LTR Genetics: Impact on Gene Regulation and Disease

Long Terminal Repeats (LTRs) are repetitive DNA sequences that make up a significant fraction of many complex genomes, including our own. These sequences are remnants of ancient retrotransposons, a type of mobile genetic element that copies and pastes itself throughout the genome. LTRs are far from inactive; they can influence the expression of nearby genes, and their activity is linked to both evolutionary innovation and human disease.

The Architecture and Origin of LTRs

Long Terminal Repeats are named for their position at each end of genetic elements called LTR retrotransposons. A full-length element is flanked by two nearly identical LTRs, each organized into three regions: U3, R, and U5. This U3-R-U5 arrangement is fundamental to the lifecycle of the retrotransposon.

The U3 (unique 3′) region contains promoter and enhancer sequences that initiate the expression of the retrotransposon’s genes. The R (repeated) region marks the start and end of transcription. The U5 (unique 5′) region holds sequences needed for processing the new RNA transcript and integrating it into the host’s DNA.

These structures originate from endogenous retroviruses (ERVs) and LTR retrotransposons. ERVs are descendants of ancient retroviruses that infected the germline cells of an organism’s ancestors, becoming a stable part of the host’s genetic landscape. LTR retrotransposons are related mobile elements that propagate through a “copy-and-paste” mechanism within a cell’s genome. In humans, these elements collectively make up approximately 8% of our DNA.

Mechanism of Genomic Integration

Integration begins when the DNA of an LTR retrotransposon is copied into an RNA molecule by the host cell’s machinery. This RNA transcript then serves as a template for the enzyme reverse transcriptase, which synthesizes a double-stranded DNA copy of the element. This process is the reverse of the normal flow of genetic information from DNA to RNA.

Once the double-stranded DNA copy is created, it is prepared for insertion into the host’s chromosomes. An enzyme called integrase, often encoded by the retrotransposon, cuts the host’s DNA at a random location. The integrase then pastes the new retrotransposon DNA into the gap, permanently embedding it in the host genome.

Over time, integrated elements can change. The two identical LTRs at either end of an element can be recognized by the cell’s DNA repair machinery. Through homologous recombination, the genetic material between the two LTRs can be deleted. This event leaves behind a single “solo” LTR, which is far more common in the human genome and still retains regulatory signals capable of influencing nearby genes.

Regulatory Influence on Host Genes

The promoter sequences within an LTR’s U3 region can function as alternative start sites for transcription. If an LTR inserts just upstream of a host gene, it can take control of that gene’s expression. This can lead to its activation in new tissues or at different developmental times.

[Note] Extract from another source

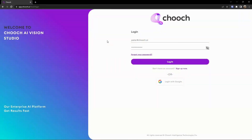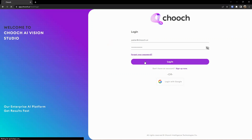Hello, this is Peter with Chooch. This video is an AI Vision Studio overview of the Chooch platform. Before we jump into the actual platform, this is the landing page where you and other users can log in — app.chooch.ai. Here we go ahead and provide our credentials and click login.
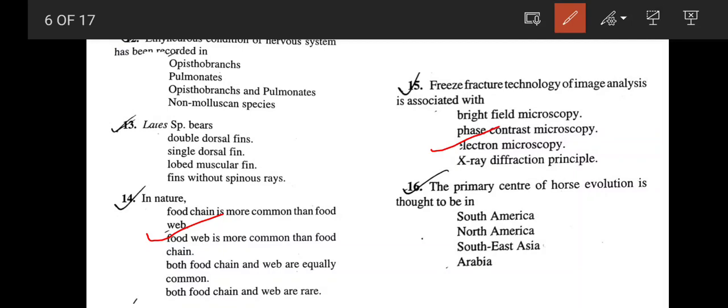The primary center of horse evolution is thought to be North America. But now in North America, the ancestral stock is not found. Other stocks which have adaptively radiated in Asia or Europe are now found around the world.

LTRs also contain enhancers, which are DNA sequences that increase the transcription levels of genes, even those located far away. These enhancer elements can loop around to make physical contact with a distant gene’s promoter, boosting its activity. This ability to act over long distances allows a single LTR insertion to alter the expression of multiple genes.

Beyond initiating or boosting transcription, LTRs can also bring it to a halt. Some LTRs contain polyadenylation signals, which are sequences that signal the cell to terminate the creation of an RNA molecule. If an LTR inserts within a gene, this premature termination signal can lead to the production of a truncated and likely non-functional protein.

Impact on Evolution and Disease

The integration of LTRs has served as both a source of evolutionary novelty and a cause of disease. On an evolutionary timescale, the regulatory sequences within LTRs have been co-opted by host genomes to create new gene expression patterns. For example, LTRs are known to drive the expression of genes in mammalian oocytes and early embryos, contributing to the evolution of developmental programs.

The same mechanisms that drive evolution can also lead to disease. When an LTR inserts near a proto-oncogene, a gene that can cause cancer if its expression is increased, its promoter can drive uncontrolled cell growth. An LTR inserting into a tumor suppressor gene can also disrupt its function, removing a safeguard against cancer. This process is known as insertional mutagenesis.

The link between LTRs and disease is not limited to new insertions. The reactivation of ancient, dormant ERVs and LTRs has been implicated in a range of illnesses. In some autoimmune diseases, the expression of viral proteins from these elements may trigger an immune response against the body’s own tissues. There is also emerging evidence linking the reactivation of these elements to neurodegenerative conditions.